**** Input material ****

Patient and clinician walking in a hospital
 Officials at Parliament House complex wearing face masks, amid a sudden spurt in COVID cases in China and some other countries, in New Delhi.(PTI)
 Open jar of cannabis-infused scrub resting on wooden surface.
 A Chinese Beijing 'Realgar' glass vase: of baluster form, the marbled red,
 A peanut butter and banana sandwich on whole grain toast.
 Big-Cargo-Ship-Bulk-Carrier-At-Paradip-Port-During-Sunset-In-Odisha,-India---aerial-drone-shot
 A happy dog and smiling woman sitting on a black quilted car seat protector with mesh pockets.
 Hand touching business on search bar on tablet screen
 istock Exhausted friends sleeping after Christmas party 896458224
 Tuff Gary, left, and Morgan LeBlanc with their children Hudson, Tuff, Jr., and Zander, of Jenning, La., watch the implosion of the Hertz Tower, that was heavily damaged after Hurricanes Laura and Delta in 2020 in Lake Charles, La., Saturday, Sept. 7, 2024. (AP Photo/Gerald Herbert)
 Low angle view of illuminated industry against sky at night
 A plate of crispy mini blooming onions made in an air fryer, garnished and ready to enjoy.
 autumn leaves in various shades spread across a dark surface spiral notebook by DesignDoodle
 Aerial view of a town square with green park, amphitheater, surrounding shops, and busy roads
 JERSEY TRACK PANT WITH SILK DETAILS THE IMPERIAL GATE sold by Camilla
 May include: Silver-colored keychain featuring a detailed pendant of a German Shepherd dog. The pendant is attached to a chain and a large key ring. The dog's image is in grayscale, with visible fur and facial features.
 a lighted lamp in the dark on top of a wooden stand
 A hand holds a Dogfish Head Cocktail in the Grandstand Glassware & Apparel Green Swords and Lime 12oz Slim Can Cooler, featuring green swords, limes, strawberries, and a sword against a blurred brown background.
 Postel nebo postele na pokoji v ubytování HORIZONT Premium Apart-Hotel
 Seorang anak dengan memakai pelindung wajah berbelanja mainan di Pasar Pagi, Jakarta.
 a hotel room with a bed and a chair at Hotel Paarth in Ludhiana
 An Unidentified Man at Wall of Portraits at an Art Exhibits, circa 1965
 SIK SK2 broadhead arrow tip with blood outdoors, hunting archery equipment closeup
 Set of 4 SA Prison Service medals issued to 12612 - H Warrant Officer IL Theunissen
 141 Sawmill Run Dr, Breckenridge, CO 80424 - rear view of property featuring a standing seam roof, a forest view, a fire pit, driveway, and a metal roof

****

:: What you need to do ::
What is wanted is the line containing "Set of 4 SA" and every line after it through the last line of the entries, printed exactly.

:: Task output ::
 Set of 4 SA Prison Service medals issued to 12612 - H Warrant Officer IL Theunissen
 141 Sawmill Run Dr, Breckenridge, CO 80424 - rear view of property featuring a standing seam roof, a forest view, a fire pit, driveway, and a metal roof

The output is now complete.